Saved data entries
────────────────────
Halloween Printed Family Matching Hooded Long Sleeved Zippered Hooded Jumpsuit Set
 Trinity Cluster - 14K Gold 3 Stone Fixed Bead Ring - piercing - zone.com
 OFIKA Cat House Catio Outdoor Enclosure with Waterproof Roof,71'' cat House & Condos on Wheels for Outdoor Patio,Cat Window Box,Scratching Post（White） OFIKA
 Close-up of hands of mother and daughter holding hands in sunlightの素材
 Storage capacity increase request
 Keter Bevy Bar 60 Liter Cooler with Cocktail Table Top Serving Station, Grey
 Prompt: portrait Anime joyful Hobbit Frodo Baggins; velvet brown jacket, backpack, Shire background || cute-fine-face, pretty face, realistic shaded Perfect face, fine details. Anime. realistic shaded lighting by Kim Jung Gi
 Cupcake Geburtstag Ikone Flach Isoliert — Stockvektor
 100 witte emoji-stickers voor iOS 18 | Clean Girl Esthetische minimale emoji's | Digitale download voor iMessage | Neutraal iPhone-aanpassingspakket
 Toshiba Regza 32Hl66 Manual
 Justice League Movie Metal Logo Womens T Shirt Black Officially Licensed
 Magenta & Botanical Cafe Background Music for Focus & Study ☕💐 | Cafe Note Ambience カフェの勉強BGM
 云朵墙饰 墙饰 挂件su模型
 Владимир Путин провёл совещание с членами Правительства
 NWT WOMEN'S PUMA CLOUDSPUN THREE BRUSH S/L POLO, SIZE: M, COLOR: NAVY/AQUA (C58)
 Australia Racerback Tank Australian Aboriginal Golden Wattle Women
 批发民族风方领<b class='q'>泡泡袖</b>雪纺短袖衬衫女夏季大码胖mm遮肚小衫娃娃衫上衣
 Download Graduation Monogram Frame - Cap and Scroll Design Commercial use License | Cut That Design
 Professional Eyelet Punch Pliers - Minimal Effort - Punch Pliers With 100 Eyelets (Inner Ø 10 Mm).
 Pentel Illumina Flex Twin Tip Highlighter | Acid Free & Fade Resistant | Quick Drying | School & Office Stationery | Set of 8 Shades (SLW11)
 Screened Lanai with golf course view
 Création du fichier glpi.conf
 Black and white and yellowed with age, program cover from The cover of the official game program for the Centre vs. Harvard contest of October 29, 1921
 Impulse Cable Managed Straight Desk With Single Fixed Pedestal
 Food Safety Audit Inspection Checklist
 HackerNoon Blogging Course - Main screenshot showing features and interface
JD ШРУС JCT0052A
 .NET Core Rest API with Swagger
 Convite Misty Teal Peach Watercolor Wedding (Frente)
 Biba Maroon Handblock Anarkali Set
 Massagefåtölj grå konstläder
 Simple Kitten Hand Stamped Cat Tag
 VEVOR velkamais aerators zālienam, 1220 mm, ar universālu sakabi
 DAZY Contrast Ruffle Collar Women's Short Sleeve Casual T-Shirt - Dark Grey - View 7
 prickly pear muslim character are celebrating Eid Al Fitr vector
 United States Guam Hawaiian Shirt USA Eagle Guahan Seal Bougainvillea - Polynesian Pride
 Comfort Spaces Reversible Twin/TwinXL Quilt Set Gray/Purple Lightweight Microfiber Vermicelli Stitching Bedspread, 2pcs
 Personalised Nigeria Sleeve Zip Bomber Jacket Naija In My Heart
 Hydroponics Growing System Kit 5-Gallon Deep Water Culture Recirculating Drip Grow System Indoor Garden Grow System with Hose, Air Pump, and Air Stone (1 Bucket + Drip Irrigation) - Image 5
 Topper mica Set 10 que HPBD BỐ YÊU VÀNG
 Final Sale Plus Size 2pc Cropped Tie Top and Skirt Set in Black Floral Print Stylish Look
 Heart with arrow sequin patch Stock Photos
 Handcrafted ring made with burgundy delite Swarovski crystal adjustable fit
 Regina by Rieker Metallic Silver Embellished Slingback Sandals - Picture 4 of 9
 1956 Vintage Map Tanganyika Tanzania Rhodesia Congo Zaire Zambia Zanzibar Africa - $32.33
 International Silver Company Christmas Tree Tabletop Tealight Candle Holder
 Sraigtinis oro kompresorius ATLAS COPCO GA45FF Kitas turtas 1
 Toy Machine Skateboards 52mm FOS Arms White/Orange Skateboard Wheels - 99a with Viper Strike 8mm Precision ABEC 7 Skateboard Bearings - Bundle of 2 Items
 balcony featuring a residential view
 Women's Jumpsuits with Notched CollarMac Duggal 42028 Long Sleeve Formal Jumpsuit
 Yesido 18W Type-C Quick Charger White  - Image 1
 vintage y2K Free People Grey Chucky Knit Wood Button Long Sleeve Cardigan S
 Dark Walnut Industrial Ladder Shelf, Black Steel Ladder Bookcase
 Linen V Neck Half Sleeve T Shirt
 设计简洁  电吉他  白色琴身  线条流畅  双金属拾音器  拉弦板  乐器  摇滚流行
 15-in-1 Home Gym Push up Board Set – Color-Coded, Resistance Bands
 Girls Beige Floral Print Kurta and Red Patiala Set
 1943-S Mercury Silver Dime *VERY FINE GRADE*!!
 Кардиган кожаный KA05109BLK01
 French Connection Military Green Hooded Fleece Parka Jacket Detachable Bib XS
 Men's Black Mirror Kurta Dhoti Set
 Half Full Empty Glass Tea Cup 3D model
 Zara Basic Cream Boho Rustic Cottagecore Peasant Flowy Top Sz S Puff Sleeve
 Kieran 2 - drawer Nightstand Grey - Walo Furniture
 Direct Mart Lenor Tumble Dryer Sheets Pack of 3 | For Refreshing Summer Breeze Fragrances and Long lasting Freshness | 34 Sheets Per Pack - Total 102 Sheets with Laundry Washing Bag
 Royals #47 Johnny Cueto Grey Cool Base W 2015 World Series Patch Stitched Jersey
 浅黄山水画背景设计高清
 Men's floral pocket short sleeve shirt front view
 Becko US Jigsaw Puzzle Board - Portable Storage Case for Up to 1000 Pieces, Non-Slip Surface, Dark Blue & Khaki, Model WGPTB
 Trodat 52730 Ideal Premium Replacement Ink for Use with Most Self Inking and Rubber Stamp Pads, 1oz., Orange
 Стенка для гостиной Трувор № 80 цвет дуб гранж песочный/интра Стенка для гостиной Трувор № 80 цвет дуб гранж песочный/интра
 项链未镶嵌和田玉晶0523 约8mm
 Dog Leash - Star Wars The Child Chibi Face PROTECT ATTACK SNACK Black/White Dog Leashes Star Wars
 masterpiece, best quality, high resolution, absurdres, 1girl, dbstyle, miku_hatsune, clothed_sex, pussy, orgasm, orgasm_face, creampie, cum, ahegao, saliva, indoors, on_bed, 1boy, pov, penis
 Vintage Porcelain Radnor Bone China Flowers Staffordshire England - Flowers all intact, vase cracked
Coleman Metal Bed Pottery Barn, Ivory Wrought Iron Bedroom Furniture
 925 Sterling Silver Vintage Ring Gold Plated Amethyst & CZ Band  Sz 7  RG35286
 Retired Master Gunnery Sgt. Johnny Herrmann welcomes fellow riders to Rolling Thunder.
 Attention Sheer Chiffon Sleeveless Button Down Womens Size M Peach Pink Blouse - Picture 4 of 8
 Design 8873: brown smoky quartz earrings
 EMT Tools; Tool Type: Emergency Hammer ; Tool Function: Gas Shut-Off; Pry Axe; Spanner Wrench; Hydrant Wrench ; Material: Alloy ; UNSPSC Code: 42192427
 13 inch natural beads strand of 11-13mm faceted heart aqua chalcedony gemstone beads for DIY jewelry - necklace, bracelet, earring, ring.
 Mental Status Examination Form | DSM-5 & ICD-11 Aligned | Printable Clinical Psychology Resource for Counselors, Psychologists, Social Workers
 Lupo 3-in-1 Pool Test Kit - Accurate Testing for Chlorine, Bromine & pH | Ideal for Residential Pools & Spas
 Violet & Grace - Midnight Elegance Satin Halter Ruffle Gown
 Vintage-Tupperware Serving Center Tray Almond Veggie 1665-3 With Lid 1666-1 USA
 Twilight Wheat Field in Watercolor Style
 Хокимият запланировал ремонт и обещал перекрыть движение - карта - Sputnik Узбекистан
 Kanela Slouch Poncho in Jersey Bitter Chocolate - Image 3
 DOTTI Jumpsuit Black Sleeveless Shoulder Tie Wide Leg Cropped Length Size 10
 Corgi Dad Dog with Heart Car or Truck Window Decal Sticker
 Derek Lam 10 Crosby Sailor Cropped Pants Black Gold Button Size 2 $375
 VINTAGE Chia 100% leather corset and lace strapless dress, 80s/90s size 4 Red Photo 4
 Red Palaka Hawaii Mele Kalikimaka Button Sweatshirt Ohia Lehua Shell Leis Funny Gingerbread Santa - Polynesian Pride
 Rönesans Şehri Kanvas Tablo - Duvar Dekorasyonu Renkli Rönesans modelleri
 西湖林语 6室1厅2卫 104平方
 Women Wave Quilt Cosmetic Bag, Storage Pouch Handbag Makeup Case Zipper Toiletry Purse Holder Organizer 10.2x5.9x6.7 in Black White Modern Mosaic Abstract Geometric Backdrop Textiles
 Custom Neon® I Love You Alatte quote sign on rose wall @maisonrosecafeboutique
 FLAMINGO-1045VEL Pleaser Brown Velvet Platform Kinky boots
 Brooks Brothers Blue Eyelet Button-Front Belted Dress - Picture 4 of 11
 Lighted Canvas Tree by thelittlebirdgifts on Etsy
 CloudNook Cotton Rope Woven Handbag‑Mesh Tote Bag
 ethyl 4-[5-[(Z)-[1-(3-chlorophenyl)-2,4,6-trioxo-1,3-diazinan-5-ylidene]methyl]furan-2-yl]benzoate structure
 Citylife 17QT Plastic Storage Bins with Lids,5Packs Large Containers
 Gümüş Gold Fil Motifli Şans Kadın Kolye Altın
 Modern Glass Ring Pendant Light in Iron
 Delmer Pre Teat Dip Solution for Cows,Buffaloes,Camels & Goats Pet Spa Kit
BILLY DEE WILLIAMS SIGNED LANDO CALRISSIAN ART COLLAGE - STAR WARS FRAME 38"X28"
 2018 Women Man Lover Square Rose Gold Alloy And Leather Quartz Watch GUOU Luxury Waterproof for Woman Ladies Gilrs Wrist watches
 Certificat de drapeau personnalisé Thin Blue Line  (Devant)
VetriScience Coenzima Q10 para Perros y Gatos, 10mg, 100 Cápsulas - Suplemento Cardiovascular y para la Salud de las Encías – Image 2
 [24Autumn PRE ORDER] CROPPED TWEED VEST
────────────────────
■ **Problem description**: The output must consist solely of the lines from the first line of the records through the line containing "Prompt: portrait Anime", reproduced exactly.

■ **Answer space**:
Halloween Printed Family Matching Hooded Long Sleeved Zippered Hooded Jumpsuit Set
 Trinity Cluster - 14K Gold 3 Stone Fixed Bead Ring - piercing - zone.com
 OFIKA Cat House Catio Outdoor Enclosure with Waterproof Roof,71'' cat House & Condos on Wheels for Outdoor Patio,Cat Window Box,Scratching Post（White） OFIKA
 Close-up of hands of mother and daughter holding hands in sunlightの素材
 Storage capacity increase request
 Keter Bevy Bar 60 Liter Cooler with Cocktail Table Top Serving Station, Grey
 Prompt: portrait Anime joyful Hobbit Frodo Baggins; velvet brown jacket, backpack, Shire background || cute-fine-face, pretty face, realistic shaded Perfect face, fine details. Anime. realistic shaded lighting by Kim Jung Gi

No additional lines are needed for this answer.